Remembering, I sigh. Looking ahead,
I sigh once more.
This life is a mist. What fame?
What glory?
---Li Po
But, but, but...The Competitive Enterprise Institute, the Cato Institute, the Hudson Institute, the Heritage Foundation, the American Enterprise Institute, the Reason Foundation, the American Freedom Coalition and the Pacific Research Institute for Public Policy (among others) have been spending considerable time and energy explaining that all is well with the world and that things could get even better if we would only come to our senses and get government off the backs of corporations...

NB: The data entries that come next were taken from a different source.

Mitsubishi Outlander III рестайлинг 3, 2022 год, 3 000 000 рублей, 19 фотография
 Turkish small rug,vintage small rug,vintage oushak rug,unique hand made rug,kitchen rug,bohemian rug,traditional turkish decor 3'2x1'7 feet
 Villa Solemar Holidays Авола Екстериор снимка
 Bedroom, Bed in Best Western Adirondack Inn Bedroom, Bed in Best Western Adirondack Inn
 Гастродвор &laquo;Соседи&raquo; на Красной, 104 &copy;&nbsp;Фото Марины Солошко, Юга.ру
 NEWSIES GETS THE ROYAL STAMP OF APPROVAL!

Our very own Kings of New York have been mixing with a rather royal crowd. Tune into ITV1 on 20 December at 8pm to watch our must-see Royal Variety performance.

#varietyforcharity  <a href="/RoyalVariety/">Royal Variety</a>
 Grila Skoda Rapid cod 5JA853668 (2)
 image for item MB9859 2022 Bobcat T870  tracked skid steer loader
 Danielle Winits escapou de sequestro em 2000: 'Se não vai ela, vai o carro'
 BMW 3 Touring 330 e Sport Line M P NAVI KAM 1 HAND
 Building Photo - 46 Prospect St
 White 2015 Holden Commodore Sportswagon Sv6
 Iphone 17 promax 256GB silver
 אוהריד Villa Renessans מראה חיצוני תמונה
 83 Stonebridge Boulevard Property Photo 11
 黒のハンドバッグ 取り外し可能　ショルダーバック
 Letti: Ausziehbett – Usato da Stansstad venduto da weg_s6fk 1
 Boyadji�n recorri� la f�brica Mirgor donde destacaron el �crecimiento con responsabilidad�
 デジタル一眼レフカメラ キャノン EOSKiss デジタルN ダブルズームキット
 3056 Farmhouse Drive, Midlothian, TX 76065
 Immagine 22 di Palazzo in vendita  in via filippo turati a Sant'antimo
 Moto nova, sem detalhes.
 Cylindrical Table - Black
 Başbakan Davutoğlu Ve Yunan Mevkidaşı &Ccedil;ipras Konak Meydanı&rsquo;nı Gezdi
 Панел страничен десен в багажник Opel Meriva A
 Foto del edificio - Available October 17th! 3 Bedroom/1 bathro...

Government is harmful and corporations and corporate libertarianism are a boundless good. I mean, ask DuPont, Chevron, Mobil, Monsanto, the Chemical Manufacturers Association, General Electric, General Dynamics, Philip Morris, Chemical Bank, Texaco, Westinghouse, the Western Coal Council and the Reverend Sun Myung Moon.
---comment yesterday evening by Anonymous
So what does this kind of "individualism" mean? Freedom from government? Okay, then does that mean we don’t want any of the services only government can provide? Such as good roads, schools, parks, public safety, clean air and water, oversight, restaurant and food inspections, fire and police services, health care, etc.?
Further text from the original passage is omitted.